We were very happy to be recording some of our very favourite repertoire, that of the English Renaissance Masters. The whole group have grown up singing and loving the works of such composers as William Byrd, Thomas Tallis, John Sheppard and Orlando Gibbons and it was a real privilege to be able to work intensely on their music with Adrian Peacock and David Hinitt in Trinity College Chapel where we gave our first concert over three years ago. This work completed we headed off to further our first ever Spring Tour with a concert in Kingston Parish Church on one of the most beautiful days of the year, preceded by tea and croquet kindly provided by our very generous hosts.

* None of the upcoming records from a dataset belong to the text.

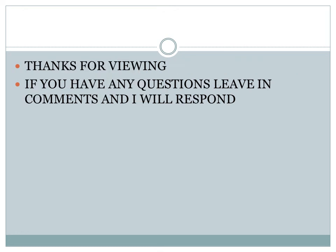Thanks for viewing. If you have any questions, leave in the comments section and I will respond. Have a good day.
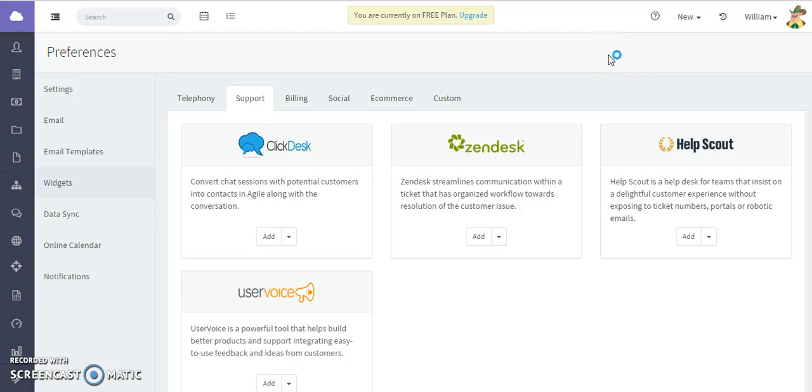Thanks for watching this Agile CRM tutorial video. Today we're going to talk about the Zendesk integration. This allows you to view and manage support tickets directly in Agile CRM and gives you the ability to solve tickets.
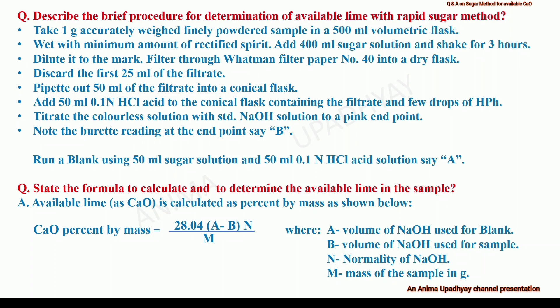State the formula to calculate the available lime in the sample. The lime is calculated as percent by mass and is given by the formula: 28.04 × (A − B) × N / M. Where A is the volume of sodium hydroxide used for blank, B is the volume of sodium hydroxide used for sample, N is the normality of sodium hydroxide, and M is the mass of the sample taken in grams.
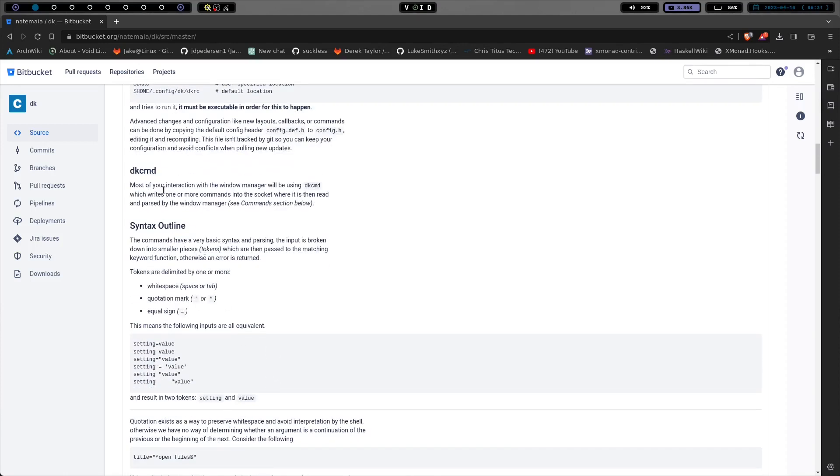The DK command. This is real similar to something like BSPWM and Herbsluftwm where you have bspc and herbsclient. You're actually using this to actually control windows.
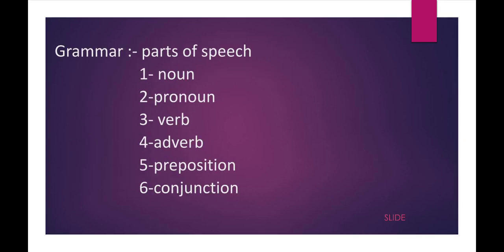In the Grammar portion, they will ask six points. First point is Parts of Speech. In the Parts of Speech, they will cover six points: first is Noun, second is Pronoun, third is Verb, fourth is Adverb, fifth is Preposition, and sixth is Conjunction. We all are very aware of these parts of speech. We have already read these in our high school and intermediate classes. So we need to revise only these things, and I shall try to make all the videos related to all the topics.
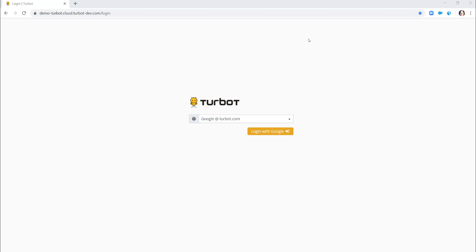To start off, Turbot is 100% API-driven. We're a GraphQL backend, so any actions, queries, or information that you're going to see in this graphical interface or console, you can do from an API perspective. We have a Turbot CLI that you can leverage for higher-level commands. We're also a provider in Terraform, so you can manage Turbot at scale using Terraform as well.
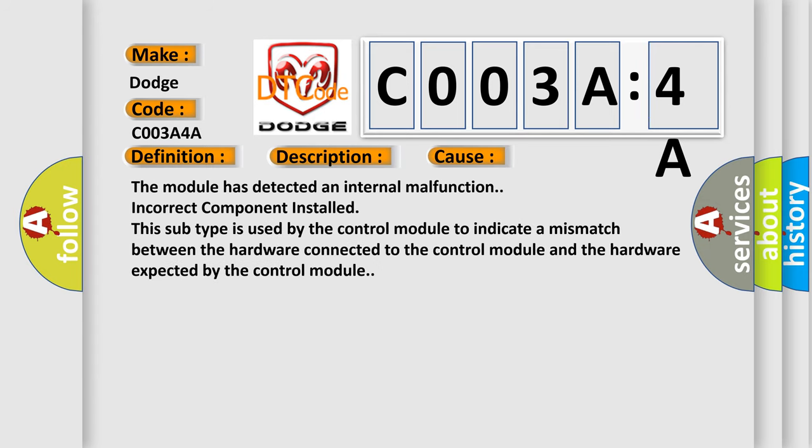The module has detected an internal malfunction: incorrect component installed. This subtype is used by the control module to indicate a mismatch between the hardware connected to the control module and the hardware expected by the control module.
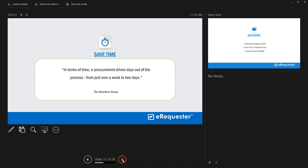According to the Aberdeen Group, e-procurement drives the time to create a purchase order from just over a week down to just two days.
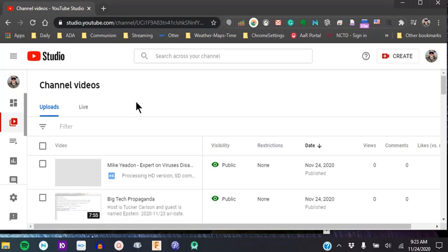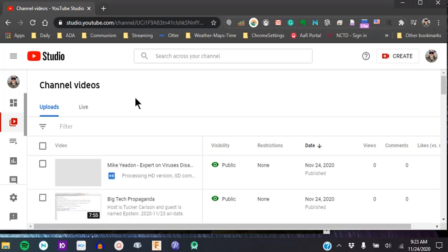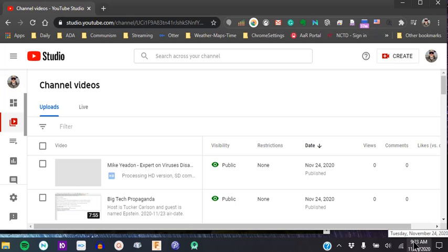This video was supposedly taken down when Mike Yaden posted it within two hours. So I'm posting it to my YouTube channel to see if it gets taken down. And I'm doing this on the 24th of November, a Tuesday at 9:23 a.m.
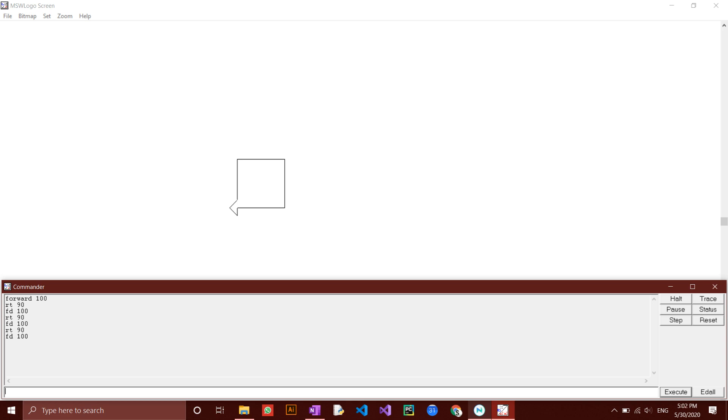Before trying this out, we may want to clear the screen so that we can draw on a blank space. To do this, we'll use the cs command which clears the screen. Type in cs, then click enter.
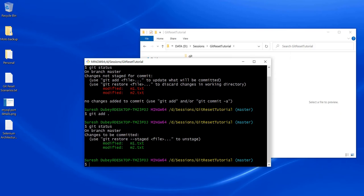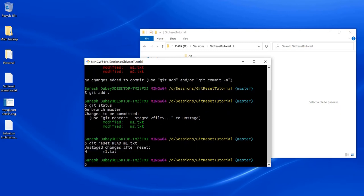This is the second scenario — files have been added to the staging area and we want to revert them back. There are different commands to fulfill this purpose. The first one is git reset HEAD. HEAD means it's currently pointing to the changes we've done, so Git will reset to previous changes. We have two options: either give a specific file name like m1.txt, or use dot to refer to both files. Running git reset HEAD with the filename, it says 'unstaged changes after reset' and shows the filename.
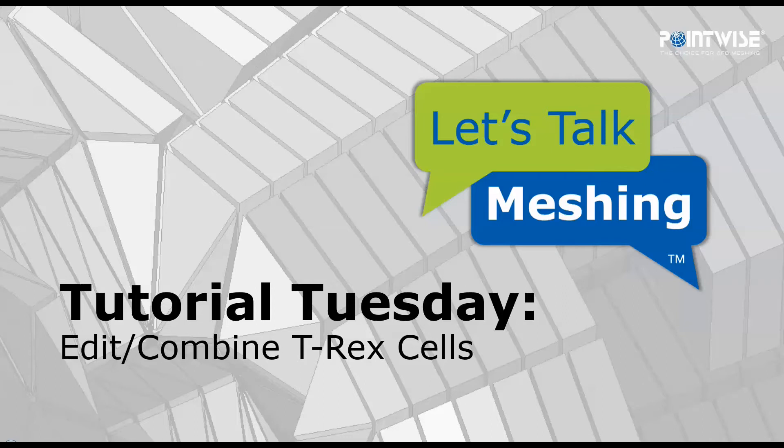Hello and welcome to Let's Talk Meshing's Tutorial Tuesday, where we explore a feature in just a few minutes.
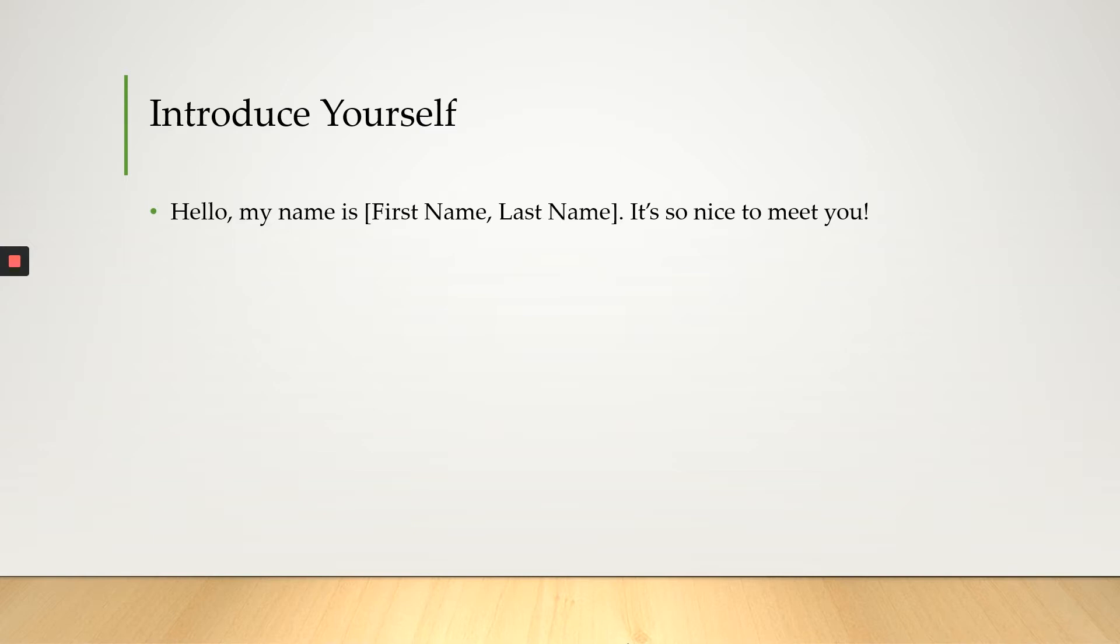So you want to start off with a nice introduction such as hello, my name is your first name, your last name, it's so nice to meet you.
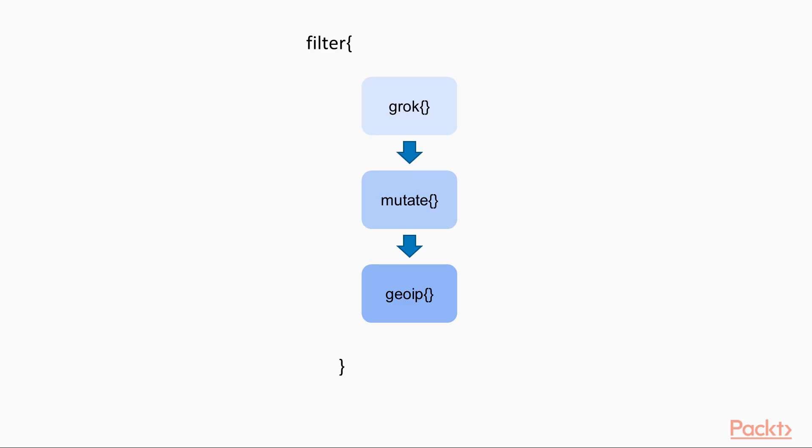A sample filter section in Logstash pipeline would look like this. The generated event from the input plugin goes through each of the plugins defined in the filter section, during which it transforms the event based on the plugins defined. Finally, it is sent to the output plugin to send the event to the appropriate destination.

The following days saw our tour continue, for the first time headed northwards! One of several highlights for me included working with the brilliant Blackburn Cathedral choristers on Allegri’s Miserere as part of a concert featuring highlights from our tour repertoire. The cathedral is a wonderful modern building, perfect for some of our more ethereal pieces and I particularly enjoyed performing Lukaszewski’s Recessit Pastor Noster alongside two of Bach’s Passiontide Chorales in the warm acoustic. The next day brought a further personal highlight, a day in Bolton alongside the energetic and inspiring Bolton Music Service, enjoying performances by many local amateur choirs and ensembles before a workshop with the gathered company and a short performance by ourselves. It was marvellous to see local live music making in such rude health and to see so many people brought together by music and performance supporting each other. Long may this ethos and such friendships flourish.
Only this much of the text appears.